The session was attended by Ben Carson, Trump's nominee to head the Department of Housing and Urban Development, his sole black Cabinet pick.
"Well, this is Black History Month, so this is our little breakfast, our little get-together," Trump said, seated beside Carson and Omarosa Manigault, a former "Apprentice" contestant and now an assistant to the President.
Prominent African-American leaders from groups like the NAACP or the National Urban League weren't in attendance. But Trump nonetheless hailed, in sometimes awkward terms, the black community.
"Frederick Douglass is an example of somebody who's done an amazing job and is being recognized more and more, I noticed," Trump said. "Harriett Tubman, Rosa Parks and millions more black Americans that made America what it is today. Big impact. I'm proud to honor this heritage and will be honoring it more and more."
Trump cited as a sign of progress the recent opening of the National Museum of African American History and Culture in Washington as well as the figures of history featured inside the structure.
One Democrat not in attendance, Congressional Black Caucus Chairman Cedric Richmond, D-Louisiana, downplayed the session as a political stunt.
"It's one thing to pose for a photo op and it's another to offer real solutions," he said. "The CBC has offered the President a number of solutions to address real problems. If he is serious about addressing issues in the African-American community and honoring Black History Month, he will start working with us to implement them."
But in the meeting, Trump's supporters praised the President for his moves on combating inner-city violence.
Darrell Scott, a pastor who campaigned for Trump, told the President Wednesday that because of his relationship with the administration and Omarosa, he's now set up a meeting with "top gang thugs" in Chicago to discuss gun violence and crime in the Windy City.

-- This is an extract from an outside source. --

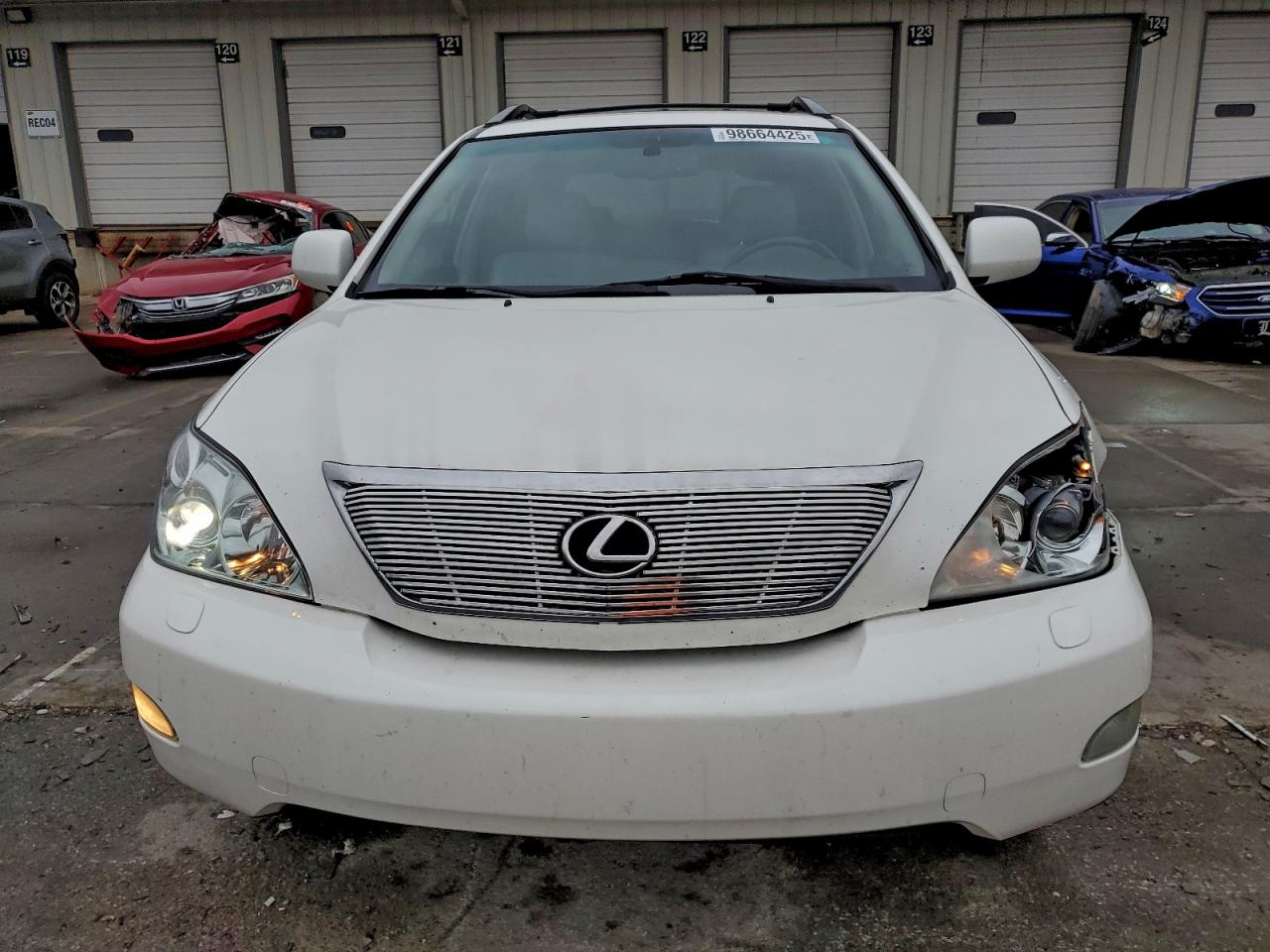 Lexus RX 350 Image 2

"I was recently contacted by some of the top gang thugs in Chicago for a sit-down. They reached out to me because they associated me with you. They respect you," Scott said as he introduced himself during a roundtable meeting that the President hosted at the White House for African-American leaders.
Trump agreed that this was a good step forward, nodding and adding that "Chicago is totally out of control."
Scott, who did not name the gangs, described them as "straight street guys" but ones who are committed to "lowering the body count," referencing the high murder rate in the city.
The President has focused several tweets and public statements about violence in Chicago, tweeting a week ago that if the "carnage" in Chicago didn't end, he would "send in the feds."
Trump reiterated at Wednesday's meeting that he's willing to get involved to stop the violence.
"What's happening in Chicago should not be happening in this country," he said.